■ **Problem details**
Reproduce only what runs from the line containing "Espejo de pared" to the line containing "Smoked Side Rearview" in the records below, inclusive. Keep it exact, and keep the pictures out.

■ **Dataset excerpts**

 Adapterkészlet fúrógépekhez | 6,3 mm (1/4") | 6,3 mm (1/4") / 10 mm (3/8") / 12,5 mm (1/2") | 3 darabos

...

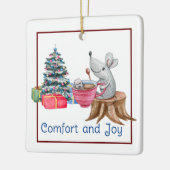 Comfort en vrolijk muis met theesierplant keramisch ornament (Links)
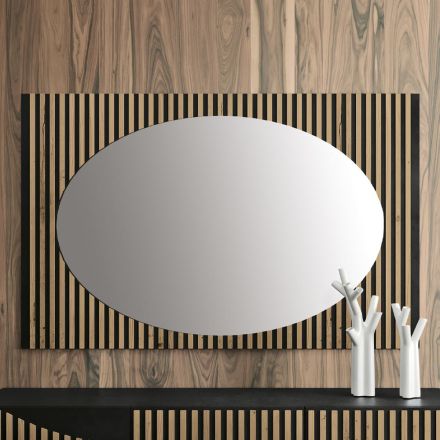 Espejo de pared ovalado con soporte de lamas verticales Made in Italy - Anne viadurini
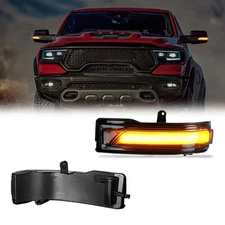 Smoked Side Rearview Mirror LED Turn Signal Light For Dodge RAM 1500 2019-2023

■ **Answer box**
 Espejo de pared ovalado con soporte de lamas verticales Made in Italy - Anne viadurini
 Smoked Side Rearview Mirror LED Turn Signal Light For Dodge RAM 1500 2019-2023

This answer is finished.